|
Big-fish-little-pond effect:
abilities of students are connected with the ability of their peers in school
Bullying: Bullying involves the tormenting of others through verbal harassment, physical assault, or other more subtle methods of coercion such as manipulation.
Classroom Management: Process of ensuring that classroom lessons run smoothly despite disruptive behaviour by students.
Collaborative Learning: Umbrella term for a variety of approaches in education that involve joint intellectual effort by students or students and teachers.
Critical Thinking: Critical thinking consists of a mental process of analyzing or evaluating information, particularly statements or propositions that people have offered as true.
Educational Therapy: Educational Therapy is a method of working with troubled children who struggle with learning. It is a technique that combines psychoanalytic and educational insight and techniques.
Educational Animation: Educational animations are animations produced for the specific purpose of fostering learning.
Evolutionary Educational Psychology: Evolutionary educational psychology is the study of the relation between inherent folk knowledge and abilities and accompanying inferential and attributional biases as these influence academic learning in evolutionarily novel cultural contexts, such as schools and the industrial workplace.
General Intelligence Factor: widely accepted but controversial construct used in the field of psychology to quantify what is common to the scores of all intelligence tests.
Goal Theory: Goals of learning are thought to be a key factor influencing the level of a student's intrinsic motivation.
Integrative Learning: Integrative learning is a learning theory describing a movement toward integrated lessons helping students make connections across curricula
Intelligence: Intelligence is a property of mind that encompasses many related mental abilities, such as the capacities to reason, plan, solve problems, think abstractly, comprehend ideas and language, and learn.
Language Learning Aptitude: Language learning aptitude refers to the prediction of how well, relative to other individuals, an individual can learn a foreign language in a given amount of time and under given conditions.
Learning Styles: Learning styles are different ways people can learn.
Learning Theory: Learning theories are attempts to describe how people learn, thereby helping us understand the inherently complex process of learning.

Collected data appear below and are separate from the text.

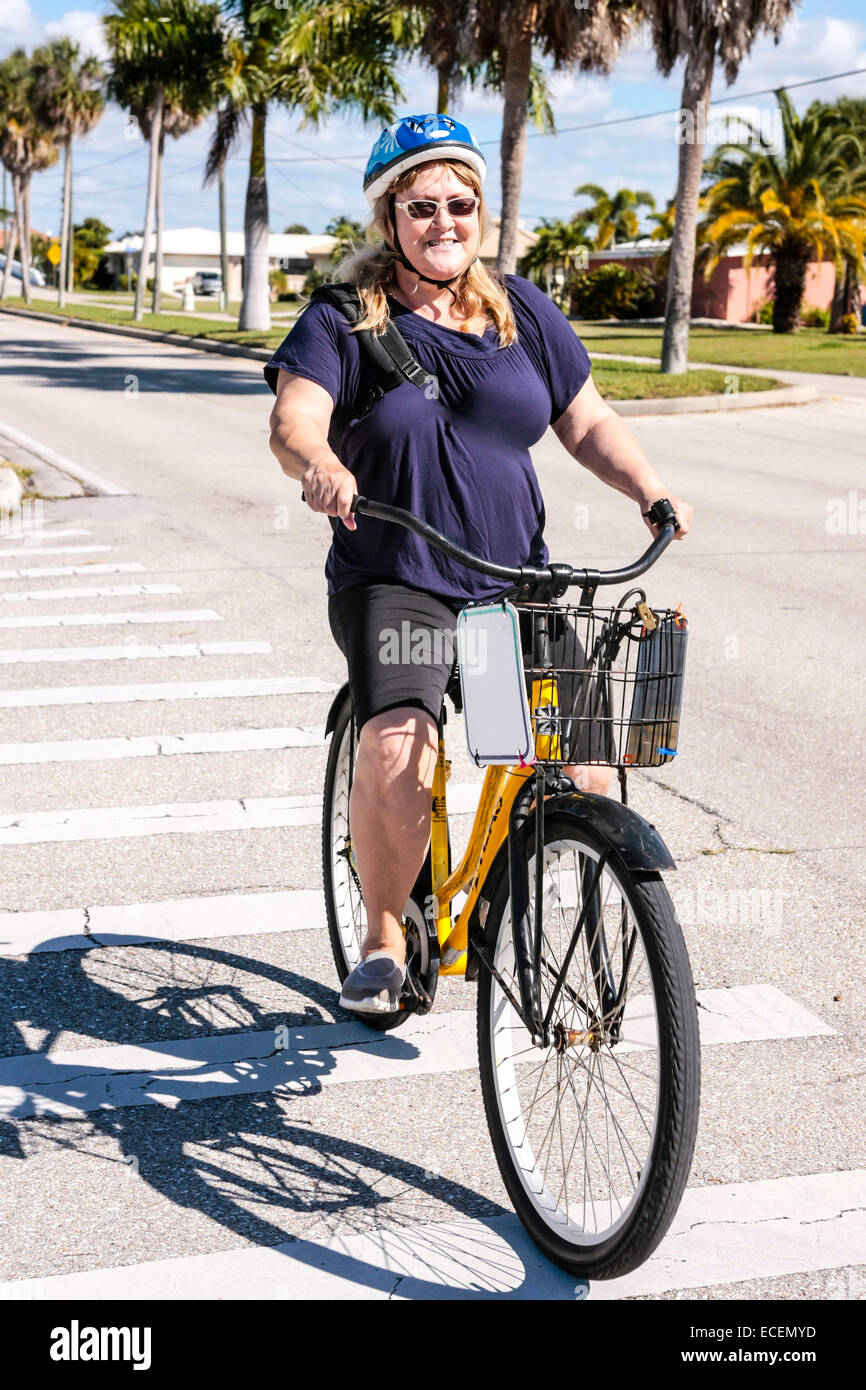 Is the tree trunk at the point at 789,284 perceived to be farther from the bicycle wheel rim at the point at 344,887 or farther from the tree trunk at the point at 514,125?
the bicycle wheel rim at the point at 344,887

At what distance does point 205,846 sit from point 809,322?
48.0 meters

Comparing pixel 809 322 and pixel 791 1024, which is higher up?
pixel 809 322

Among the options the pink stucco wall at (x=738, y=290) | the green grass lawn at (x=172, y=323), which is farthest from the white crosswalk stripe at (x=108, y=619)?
the pink stucco wall at (x=738, y=290)

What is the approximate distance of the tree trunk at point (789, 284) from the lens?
138ft

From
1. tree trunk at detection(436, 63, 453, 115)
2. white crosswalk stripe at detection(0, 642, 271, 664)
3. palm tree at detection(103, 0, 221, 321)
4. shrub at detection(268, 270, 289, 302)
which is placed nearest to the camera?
white crosswalk stripe at detection(0, 642, 271, 664)

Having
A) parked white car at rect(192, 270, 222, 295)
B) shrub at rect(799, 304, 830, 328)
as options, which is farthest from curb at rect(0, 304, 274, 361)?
parked white car at rect(192, 270, 222, 295)

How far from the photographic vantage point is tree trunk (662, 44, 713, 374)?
23594 millimetres

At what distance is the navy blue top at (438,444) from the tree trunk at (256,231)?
35.1m

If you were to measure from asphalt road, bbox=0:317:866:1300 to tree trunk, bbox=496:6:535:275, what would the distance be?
54.5 ft

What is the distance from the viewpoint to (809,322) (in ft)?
164

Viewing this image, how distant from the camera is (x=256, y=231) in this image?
37.7 metres

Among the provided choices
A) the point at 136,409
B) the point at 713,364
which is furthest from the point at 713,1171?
the point at 713,364

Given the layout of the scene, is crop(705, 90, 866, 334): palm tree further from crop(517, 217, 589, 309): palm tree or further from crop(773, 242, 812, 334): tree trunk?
crop(517, 217, 589, 309): palm tree

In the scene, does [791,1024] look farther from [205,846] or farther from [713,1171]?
[205,846] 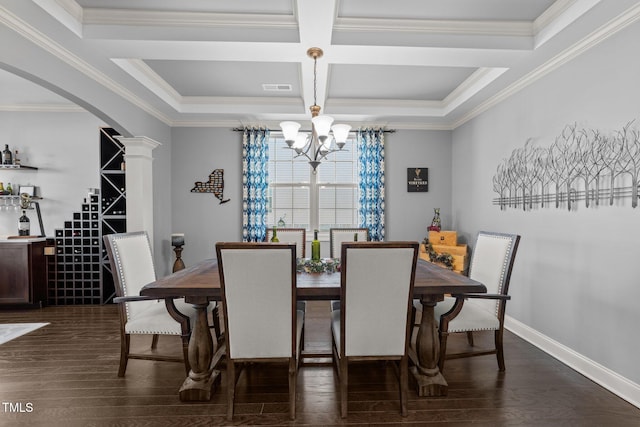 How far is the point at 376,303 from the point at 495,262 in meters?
1.25

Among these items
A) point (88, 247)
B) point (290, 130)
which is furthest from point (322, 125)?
point (88, 247)

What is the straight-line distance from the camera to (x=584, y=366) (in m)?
2.43

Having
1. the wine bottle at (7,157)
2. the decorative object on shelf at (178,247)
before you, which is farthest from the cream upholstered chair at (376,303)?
the wine bottle at (7,157)

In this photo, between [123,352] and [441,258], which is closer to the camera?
[123,352]

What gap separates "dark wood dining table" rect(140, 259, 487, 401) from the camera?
6.33ft

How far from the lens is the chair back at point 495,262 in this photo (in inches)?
92.0

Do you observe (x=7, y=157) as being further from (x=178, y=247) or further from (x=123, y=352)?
(x=123, y=352)

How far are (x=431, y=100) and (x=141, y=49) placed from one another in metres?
3.49

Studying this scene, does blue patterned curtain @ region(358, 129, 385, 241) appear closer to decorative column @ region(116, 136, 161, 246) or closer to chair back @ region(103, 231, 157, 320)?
decorative column @ region(116, 136, 161, 246)

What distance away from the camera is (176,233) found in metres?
4.69

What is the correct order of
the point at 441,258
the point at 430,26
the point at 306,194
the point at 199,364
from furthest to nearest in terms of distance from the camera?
the point at 306,194 → the point at 441,258 → the point at 430,26 → the point at 199,364

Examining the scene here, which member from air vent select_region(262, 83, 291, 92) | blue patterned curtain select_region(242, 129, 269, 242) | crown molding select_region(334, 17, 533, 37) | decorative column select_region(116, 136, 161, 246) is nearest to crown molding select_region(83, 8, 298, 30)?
crown molding select_region(334, 17, 533, 37)

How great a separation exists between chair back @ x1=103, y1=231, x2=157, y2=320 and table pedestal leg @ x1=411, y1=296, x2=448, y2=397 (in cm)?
209

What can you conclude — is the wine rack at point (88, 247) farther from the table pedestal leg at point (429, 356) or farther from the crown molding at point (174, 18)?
the table pedestal leg at point (429, 356) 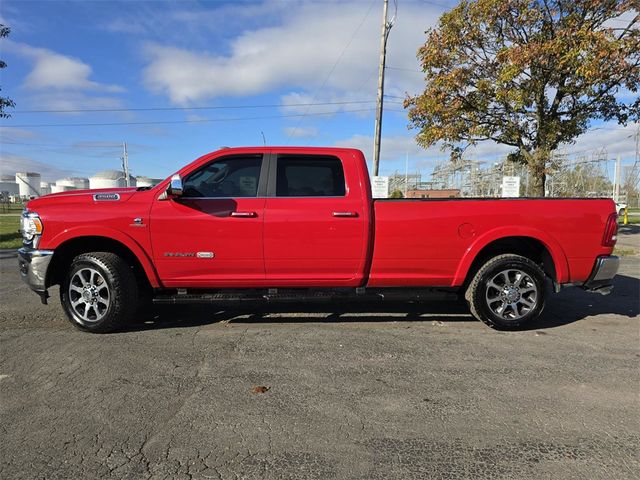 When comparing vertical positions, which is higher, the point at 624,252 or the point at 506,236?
the point at 506,236

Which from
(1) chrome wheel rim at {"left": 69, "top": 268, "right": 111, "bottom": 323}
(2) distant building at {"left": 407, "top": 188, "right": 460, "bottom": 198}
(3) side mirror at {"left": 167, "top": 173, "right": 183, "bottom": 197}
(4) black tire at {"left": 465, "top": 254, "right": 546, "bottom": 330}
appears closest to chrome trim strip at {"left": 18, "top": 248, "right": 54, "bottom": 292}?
(1) chrome wheel rim at {"left": 69, "top": 268, "right": 111, "bottom": 323}

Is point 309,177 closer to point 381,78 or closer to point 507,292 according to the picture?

Mastery Learning: Mastery Learning is an instructional method that presumes all children can learn if they are provided with the appropriate learning conditions.
Microlearning: Microlearning deals with relatively small learning units and short-term learning activities.
Mnemonic: A mnemonic is a memory aid, and most serve as an educational related purpose.
Notetaking: Notetaking is the practice of writing pieces of information, often in an informal or unstructured manner.
Peer Mentoring: Peer Mentoring is a form of mentoring that takes place in learning environments such schools, usually between an older more experienced student and a new student(s).
Procrastination: Procrastination is the deferment or avoidance of an action or task and is often linked to perfectionism.
Project-based Learning: Project based learning is a constructivist pedagogy that intends to bring about deep learning by allowing learners to use an inquiry based approach to engage with issues and questions that are rich, real and relevant to their lives.
Reading (Activity): Reading is a process of retrieving and comprehending some form of stored information or ideas.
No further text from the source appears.